▸ **What you should do**: Drop the images. Copy every line below character for character.

▸ **Short text fragments from websites**:
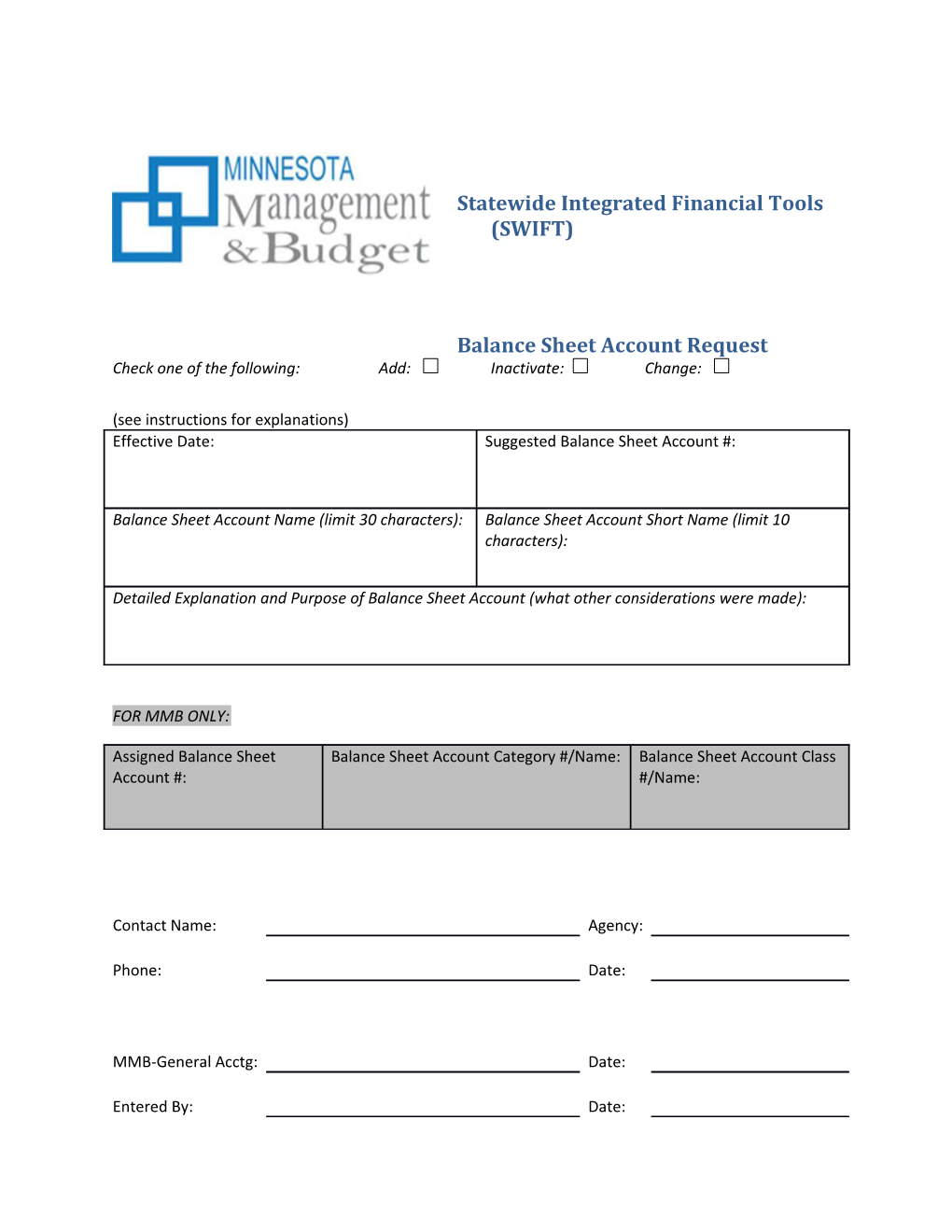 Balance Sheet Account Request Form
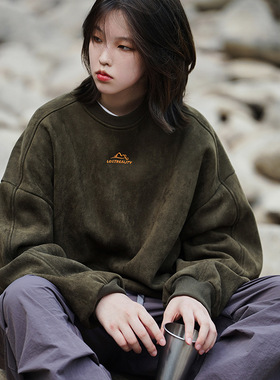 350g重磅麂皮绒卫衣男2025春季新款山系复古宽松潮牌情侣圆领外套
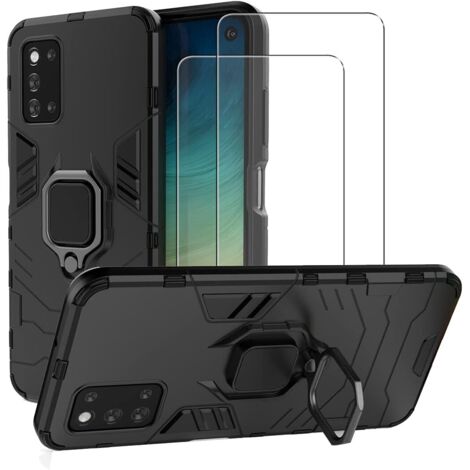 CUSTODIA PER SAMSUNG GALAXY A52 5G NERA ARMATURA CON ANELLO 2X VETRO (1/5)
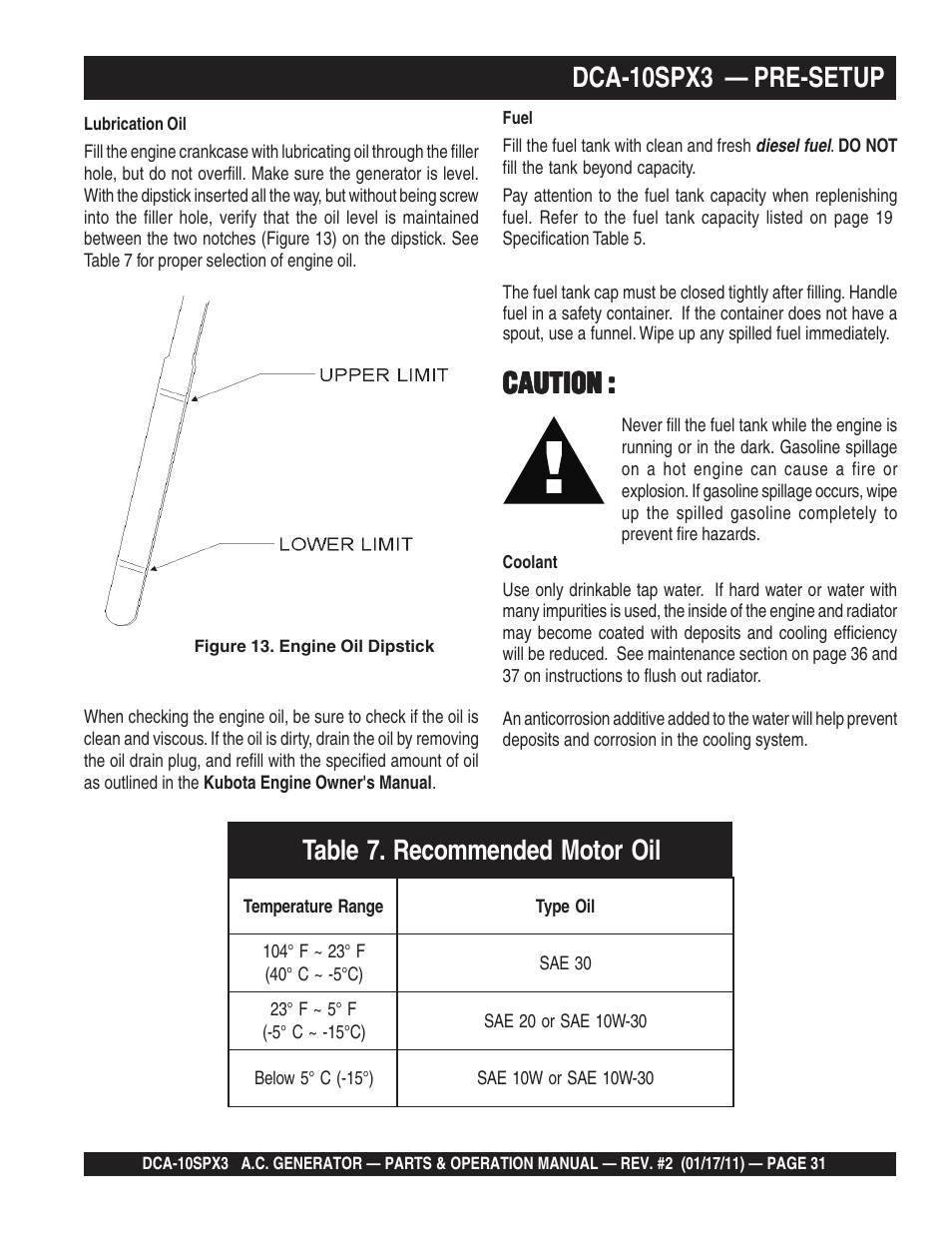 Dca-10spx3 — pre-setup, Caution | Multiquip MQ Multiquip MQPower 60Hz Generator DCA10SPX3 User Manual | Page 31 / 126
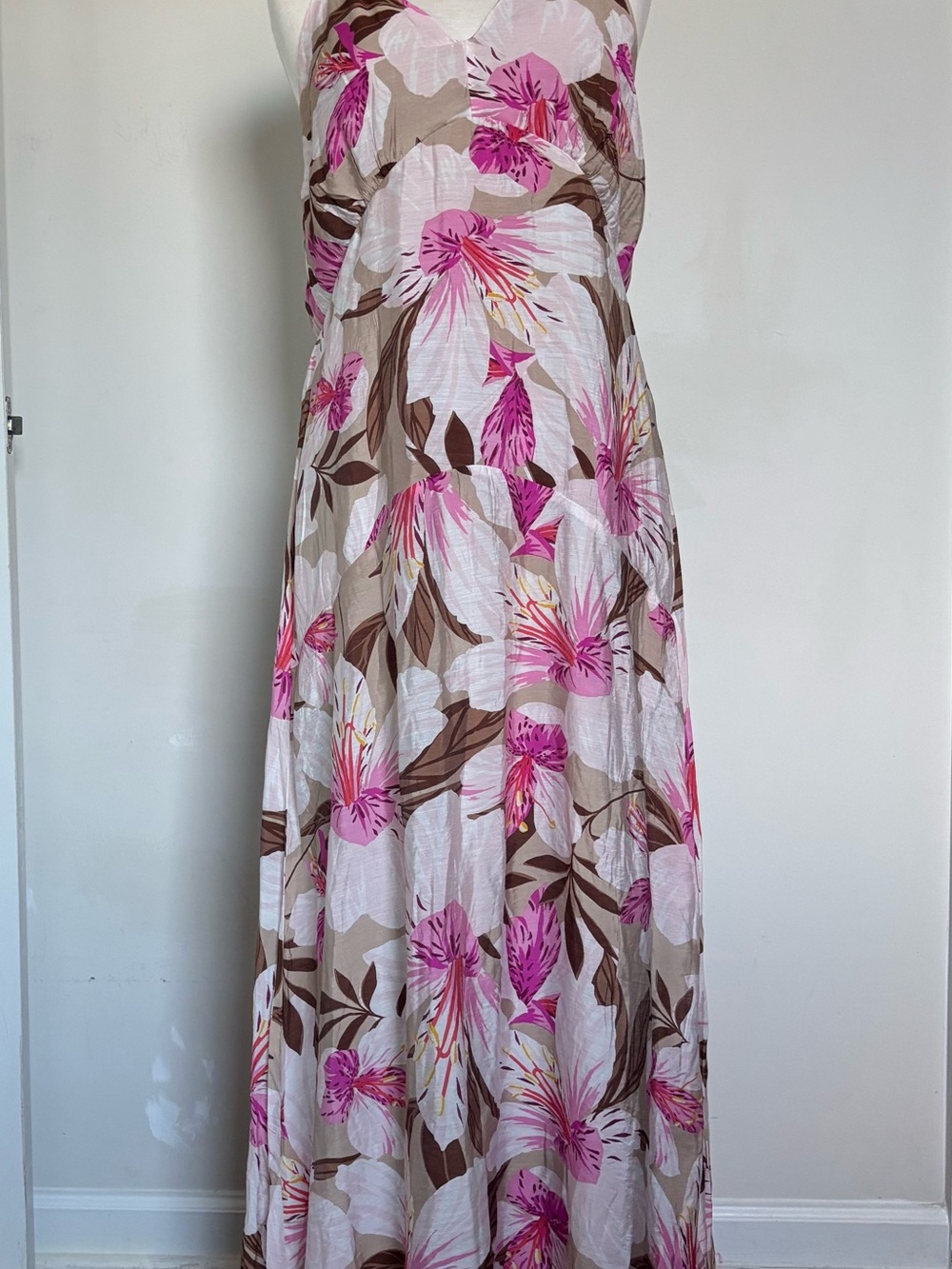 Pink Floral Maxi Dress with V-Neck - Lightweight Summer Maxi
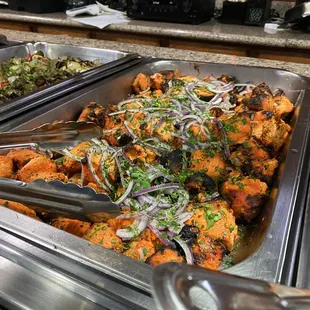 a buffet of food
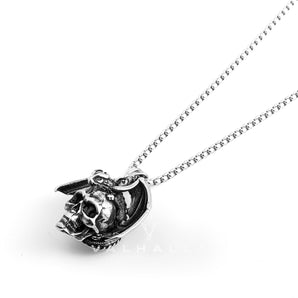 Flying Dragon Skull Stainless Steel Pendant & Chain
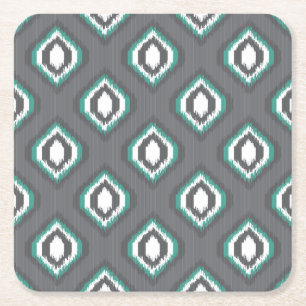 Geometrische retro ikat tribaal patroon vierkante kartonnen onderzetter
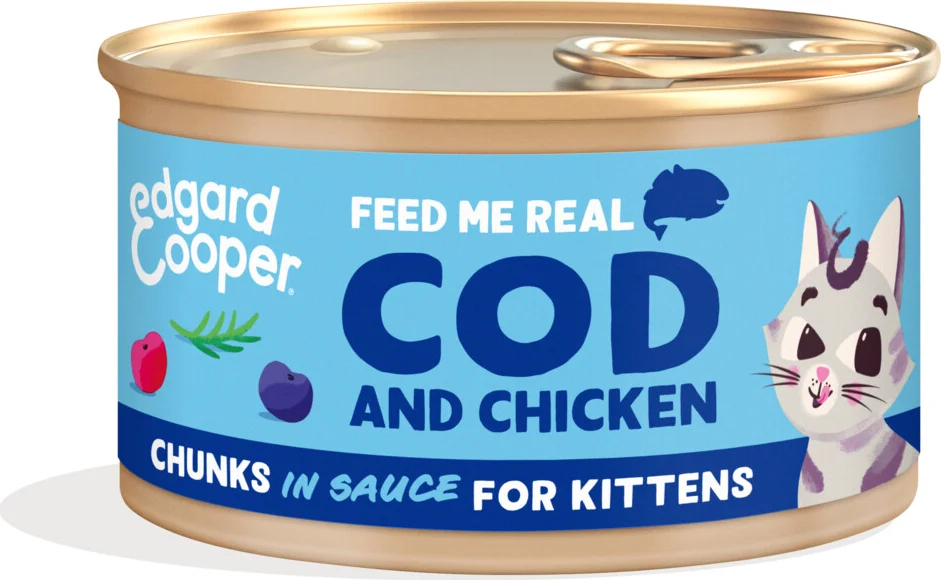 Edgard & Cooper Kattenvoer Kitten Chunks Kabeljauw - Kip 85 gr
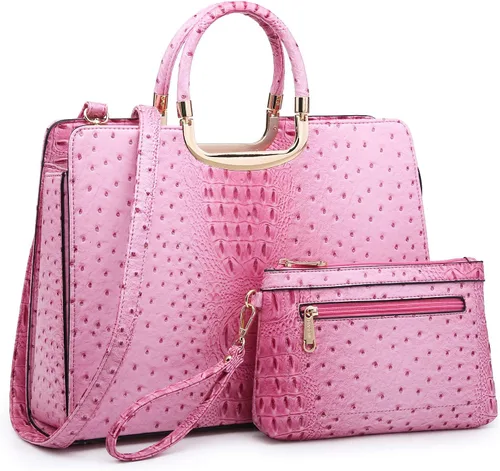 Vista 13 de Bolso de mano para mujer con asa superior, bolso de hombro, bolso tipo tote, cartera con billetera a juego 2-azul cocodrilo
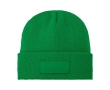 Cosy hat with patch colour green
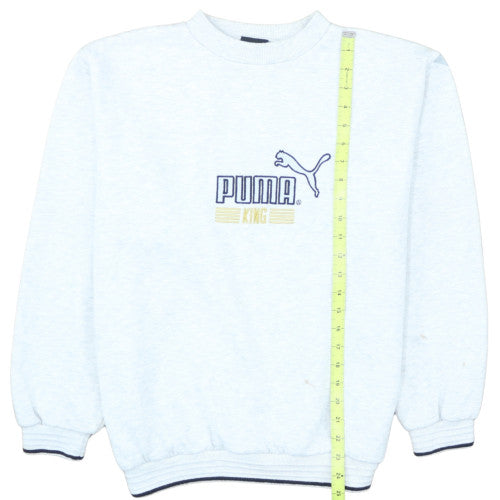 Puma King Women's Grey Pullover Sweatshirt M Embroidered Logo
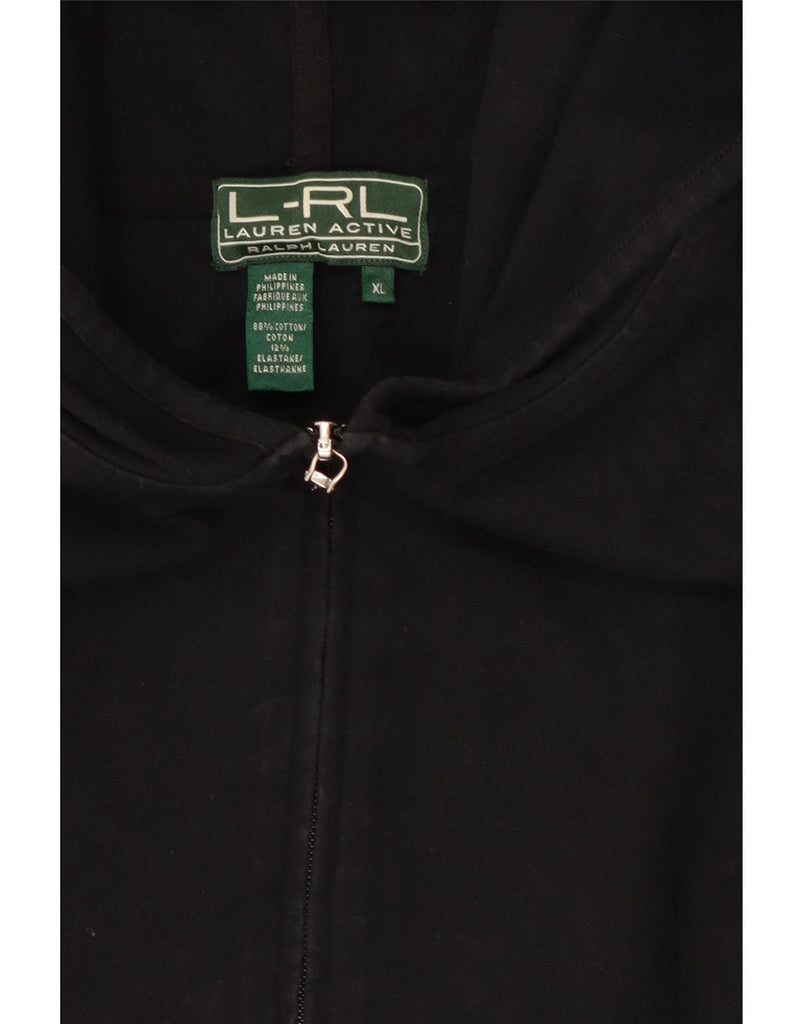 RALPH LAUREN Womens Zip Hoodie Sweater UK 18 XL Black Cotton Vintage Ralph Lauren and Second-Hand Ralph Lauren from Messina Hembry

▸ **Task result**:
 Balance Sheet Account Request Form
 350g重磅麂皮绒卫衣男2025春季新款山系复古宽松潮牌情侣圆领外套
 CUSTODIA PER SAMSUNG GALAXY A52 5G NERA ARMATURA CON ANELLO 2X VETRO (1/5)
 Dca-10spx3 — pre-setup, Caution | Multiquip MQ Multiquip MQPower 60Hz Generator DCA10SPX3 User Manual | Page 31 / 126
 Pink Floral Maxi Dress with V-Neck - Lightweight Summer Maxi
 a buffet of food
 Flying Dragon Skull Stainless Steel Pendant & Chain
 Geometrische retro ikat tribaal patroon vierkante kartonnen onderzetter
 Edgard & Cooper Kattenvoer Kitten Chunks Kabeljauw - Kip 85 gr
 Vista 13 de Bolso de mano para mujer con asa superior, bolso de hombro, bolso tipo tote, cartera con billetera a juego 2-azul cocodrilo
 Cosy hat with patch colour green
 Puma King Women's Grey Pullover Sweatshirt M Embroidered Logo
 RALPH LAUREN Womens Zip Hoodie Sweater UK 18 XL Black Cotton Vintage Ralph Lauren and Second-Hand Ralph Lauren from Messina Hembry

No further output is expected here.